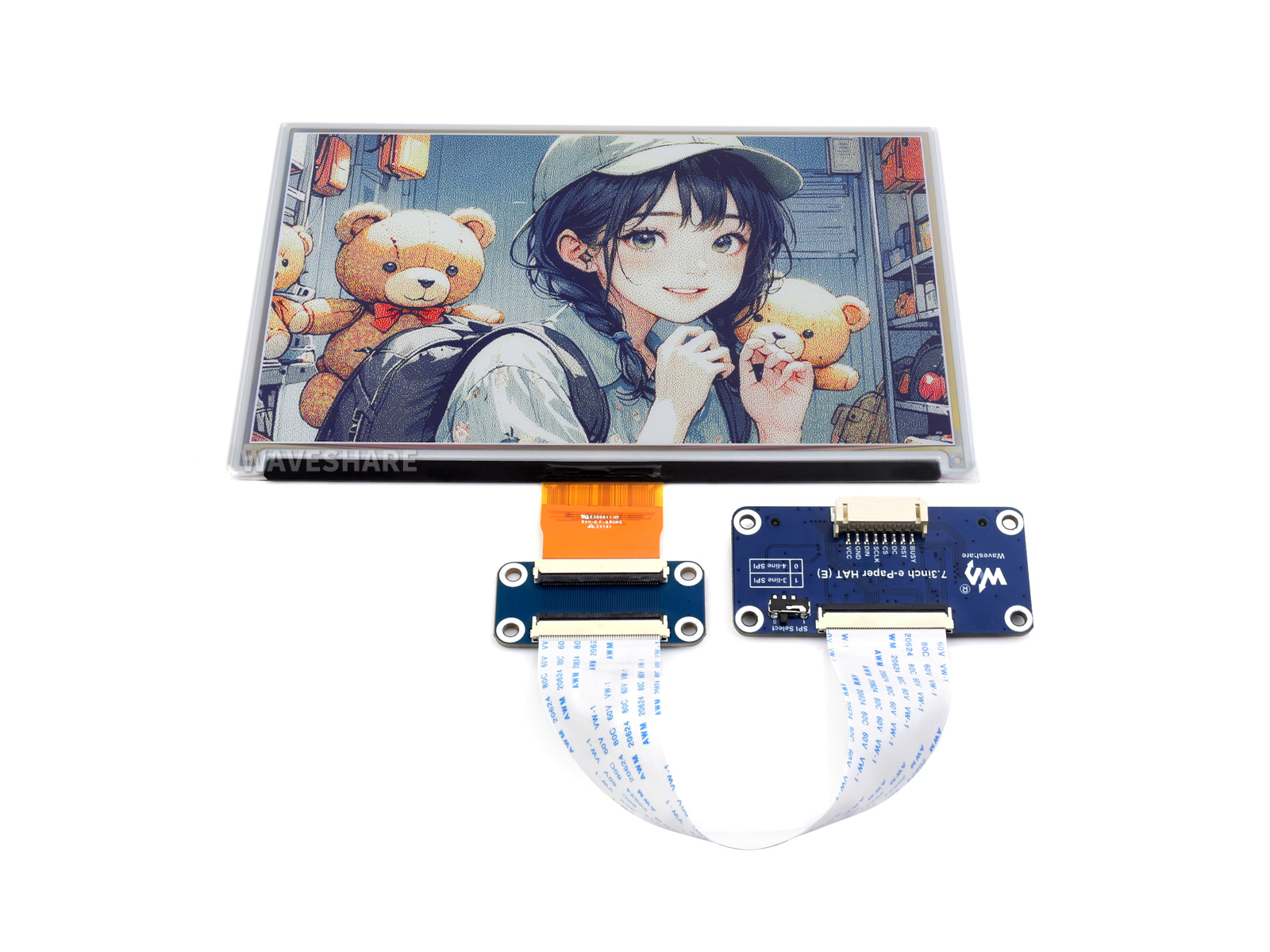 7,3-Zoll E Ink Spectra 6 (E6) Vollfarb-E-Paper-Display, E-Ink-Display, geringer Stromverbrauch, 800×480 Pixel, SPI-Kommunikation, optional für E-Paper Driver HAT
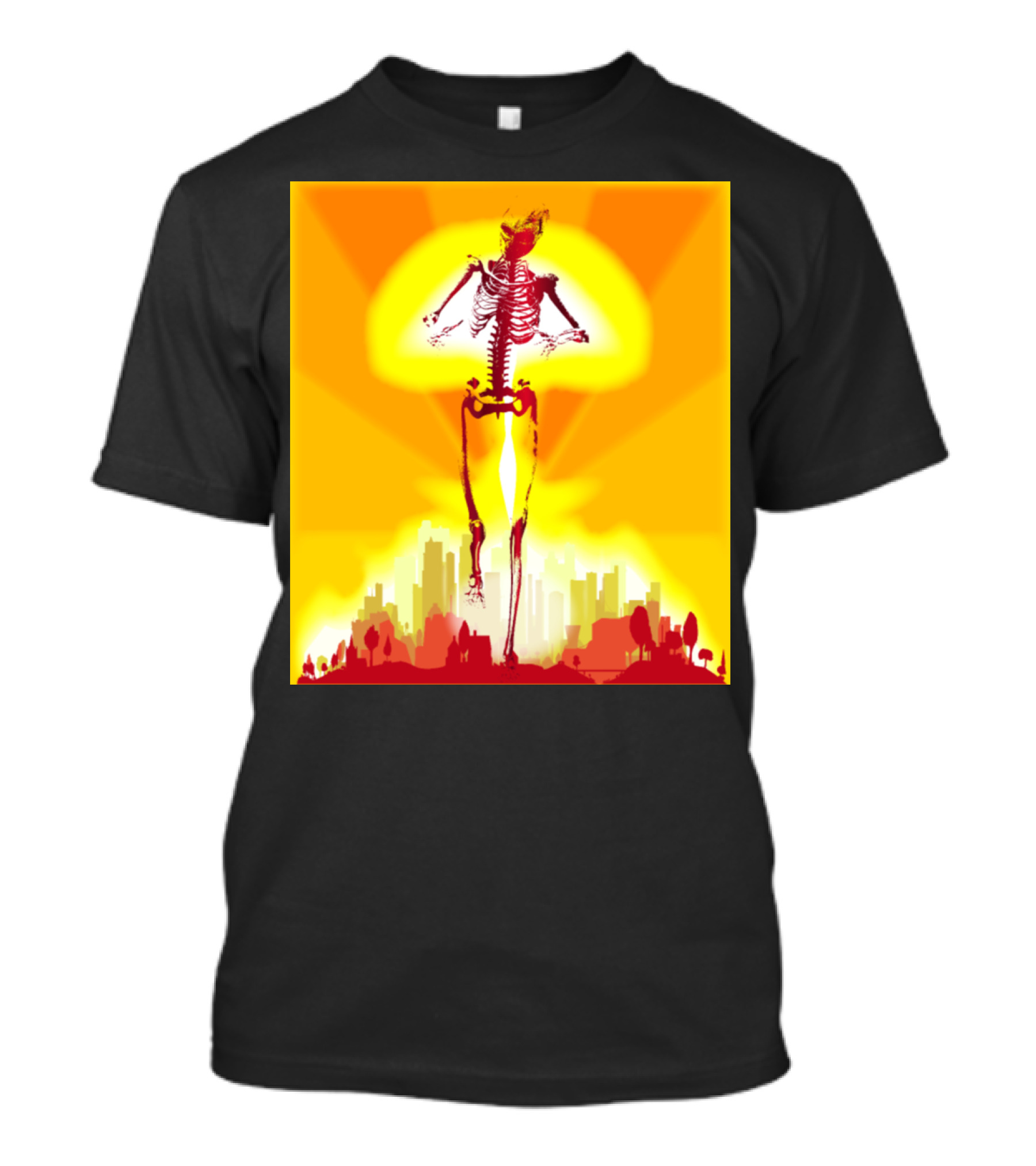 Horror Of War Bomb Blast Skeleton Over City Explosion T-Shirt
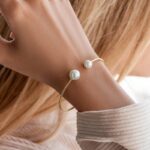 دستبند طلا بنگل مروارید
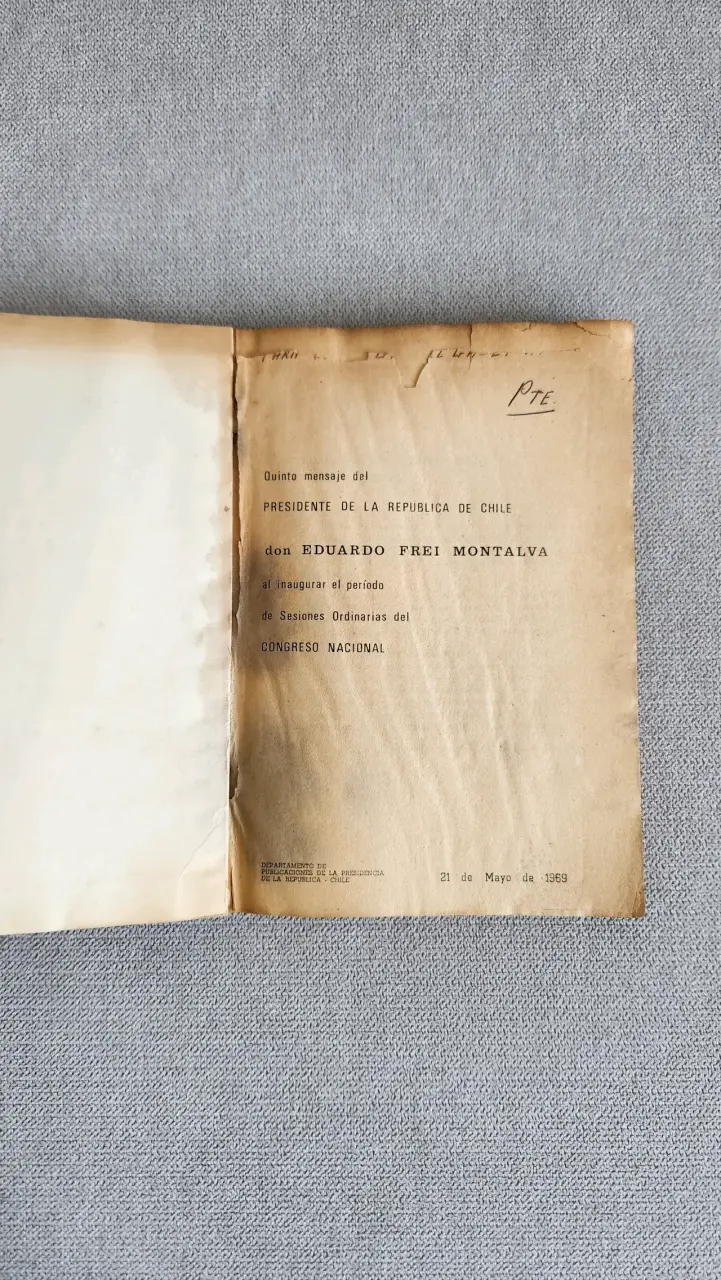 Libro Mensaje del Presidente Eduardo Frei Montalva 1969 - 2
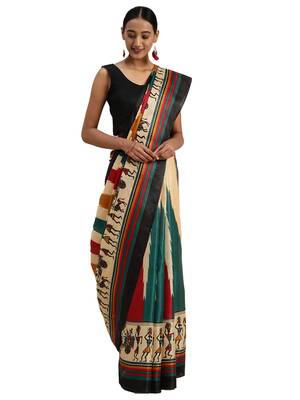 black printed bhagalpuri silk saree with blouse 1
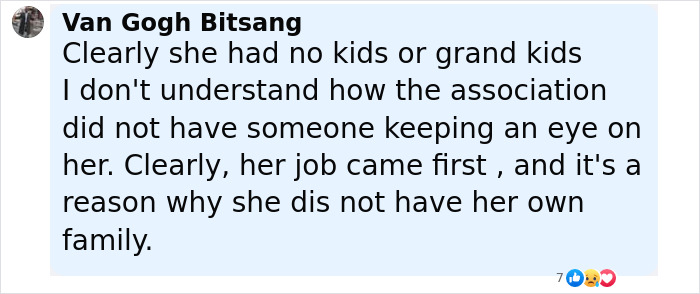 Comment on social media discussing a hoarder ex-cop who had no family and was not monitored by the association. Comment on social media discussing a hoarder ex-cop who had no family and was not monitored by the association.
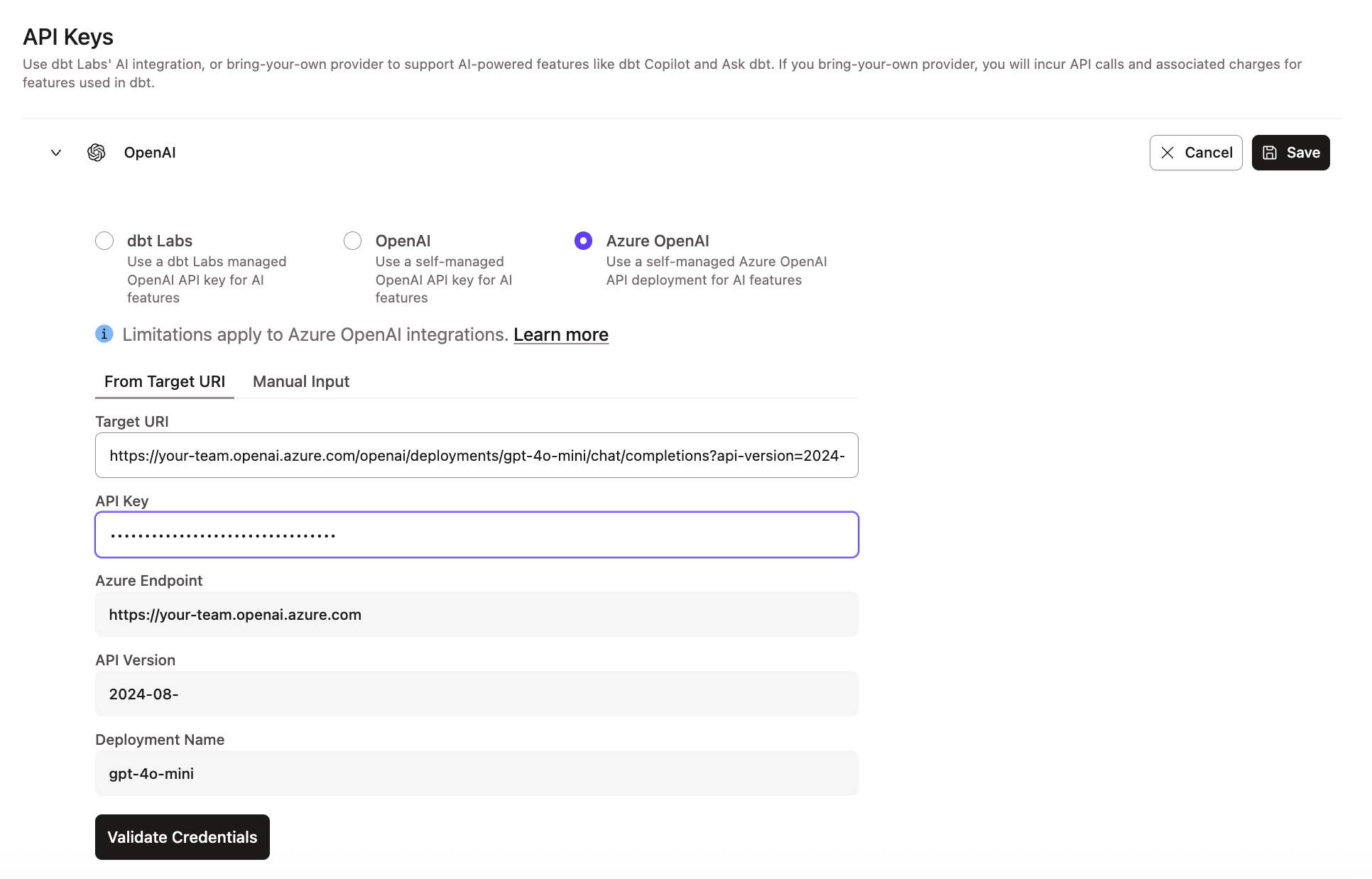 Example of Azure OpenAI integration section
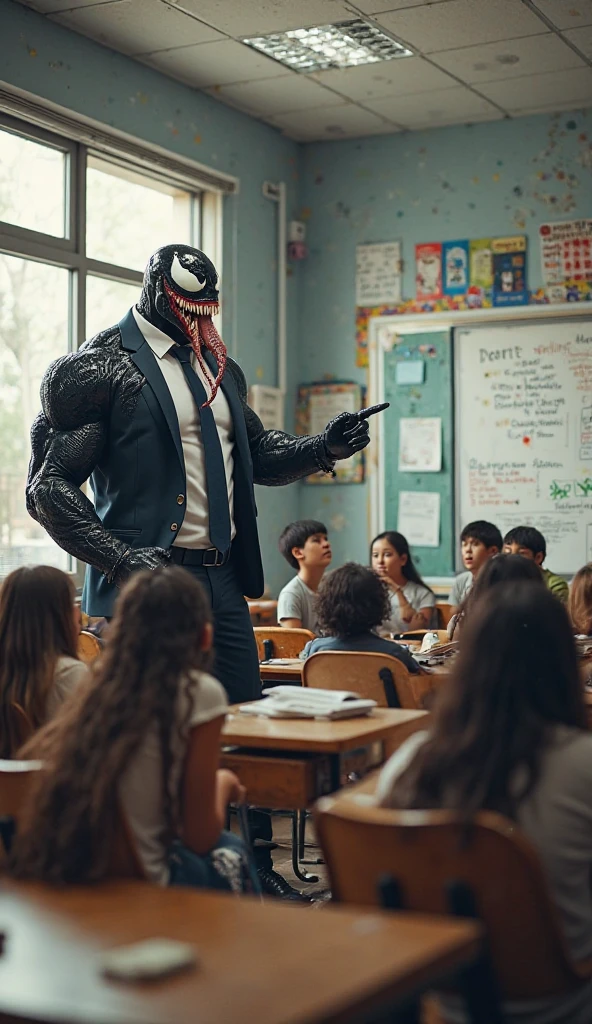 dragon, male, all body, sweating, semen, realistic, (business jacket,white shirt,tie,) (classroom,) teacher, teaching, black boad back ground,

........

**Task to complete**. Restate word for word only the lines from where the entries begin through the one with "Example of Azure OpenAI integration section"; omit the pictures.

**Solution to this exercise**.
 7,3-Zoll E Ink Spectra 6 (E6) Vollfarb-E-Paper-Display, E-Ink-Display, geringer Stromverbrauch, 800×480 Pixel, SPI-Kommunikation, optional für E-Paper Driver HAT
 Horror Of War Bomb Blast Skeleton Over City Explosion T-Shirt
 دستبند طلا بنگل مروارید
 Libro Mensaje del Presidente Eduardo Frei Montalva 1969 - 2
 black printed bhagalpuri silk saree with blouse 1
 Comment on social media discussing a hoarder ex-cop who had no family and was not monitored by the association. Comment on social media discussing a hoarder ex-cop who had no family and was not monitored by the association.
 Example of Azure OpenAI integration section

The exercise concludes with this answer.